Reactions to the The Democratic Debate

I didn't live blog it, it wasn't interesting enough to bother, but others did and those were, Malkin, and I love how she refers to Carolyn Washburn as "schoolmarm". It fits. Talk Left also live blogged it and the conclusion from there was:

Last question: What do you carry away from Iowa? All give moving, personal statements. Richardson is funny. This was a nice ending touch, they all seemed so human and humble. (The only one who lacked emotion in his response was Obama, but maybe that's not his thing, I don't mean it as a criticism, just an observation.) This was the best, most real part of the debate. If you get to watch a recap, just watch the last two minutes.

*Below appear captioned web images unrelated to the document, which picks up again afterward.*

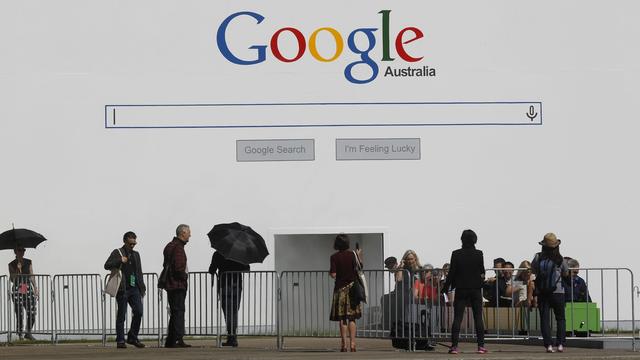 L'Australie veut contraindre Google et Facebook à rémunérer les médias pour leurs contenus; une initiative vivement combattue par les deux géants de la tech. [Keystone - Quentin Jones]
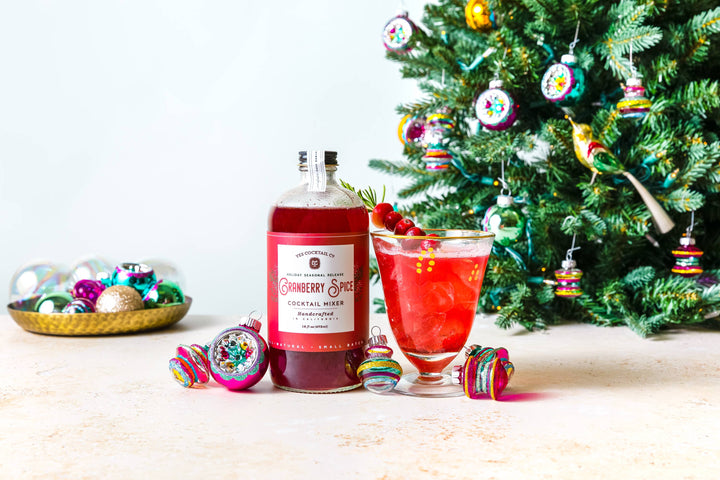 Cranberry Spice Cocktail Mixer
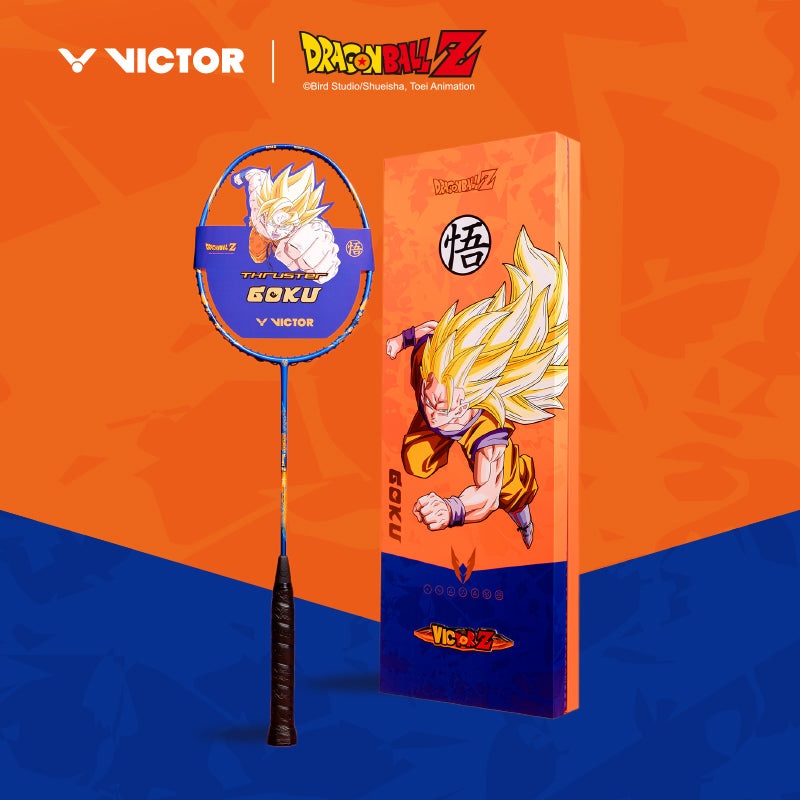 VICTOR x Dragon Ball Z Racket Gift Box TK-GOKU GB 4U (8084g) G6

There were no bombshells, no fights, no digs at each other. In fact, they supported each other. Hillary changed her message a bit, moving from her experience to how hard she will work as President. While she focused on change, I don't think this began today. She just usually blends her experience in with change and didn't do that much today. Obama doesn't own the change theme in my opinion. Edwards has used it from the beginning too. Obama's original themes were hope and optimism -- themes Chris Dodd emphasized today. Biden's theme today was action. Signing off now, typos will be fixed later.

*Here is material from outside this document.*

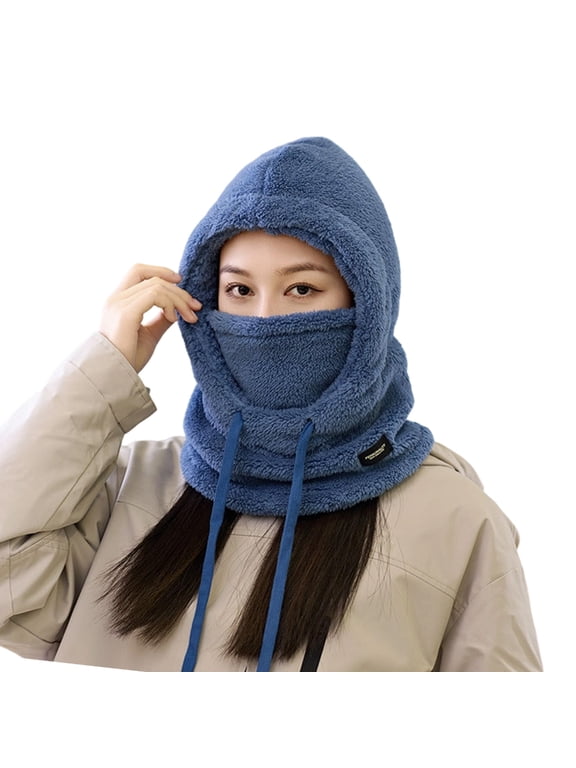 Stylish Cap Beanies Warm Trapper Hat Warm Hat Unisex Windproof Hooded Hat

Hot Air provides a the line of the day, via video, when Obama told Hillary he was looking forward to her "advising" him also.

Watch the question and answer for yourself, good laugh.



Reason Magazine live blogged the debate and has the Winners, Losers and Dodd:

I felt a twinge of sympathy for Dennis Kucinich at one point, when Washburn asked a black-and-white question about repealing NAFTA. I just pictured him at home, tossing his bowl of Kix at the TV and yanking off his tiny necktie.

Done good
1) Edwards - He spent the year slowly, slowly falling in the Iowa polls as he slashed up the national frontrunners. With some difficulty, he's tamped down that instinct and started just slashing at corporations, job-killers, stuff Iowans hate. He's morphing from Gephardt 2004 (who attacked Dean and imploded) to Gephardt 1988 (who claimed "America is in decline" and won).

2) Obama - Obviously well-prepared for this but elastic enough to get laughs, which he's never been very good at. As good as Edwards at squeezing his arguments into the narrow spaces of the questions. I don't think his policy prescriptions are any less radical than Edwards, but he sounded a little more realistic arguing for them.

Done alright
3) Biden - Calmer and less obviously whiny than he's been before, fairly convincing on his key issues.

4) Clinton - No huge mistakes, but now that everyone's looking for her weakness, she looks pretty weak. The attack on Edwards and Obama wasn't just telegraphed, it was sent by pony express. The laughter when Obama was asked about his backers from the Clinton administration came off as arrogant. There's a balance to be struck between "I've got experience from the 90s" and "I'm going to turn the Wayback Machine to 1993" and she didn't quite strike it.

Ain't done nothing
5) Richardson - Just didn't break through.

6) Dodd - This is the last debate you'll see him in. Wave goodbye!


Political Radar live blogged also notes the Obama moment.

3:25 pm ET: Closing thoughts -- Obama had the best line, bringing Clinton onto his team as an adviser. A "wow" moment that halted the laughter. Clinton seemed to get back into her groove for much of the afternoon -- good, strong close for her. Edwards though wins on my scorecards -- he was relentlessly on message, sounding strong, and making a very good case to keep this a three-person race.

That's it from me today -- Rick Klein. Those of you who've joined the blog -- you've been the best group of the debate season, and I hope and trust you'll be back online with me Jan. 5, for ABC's two debates in New Hampshire!


The American Prospect says there didn't seem to be any clear winners or losers.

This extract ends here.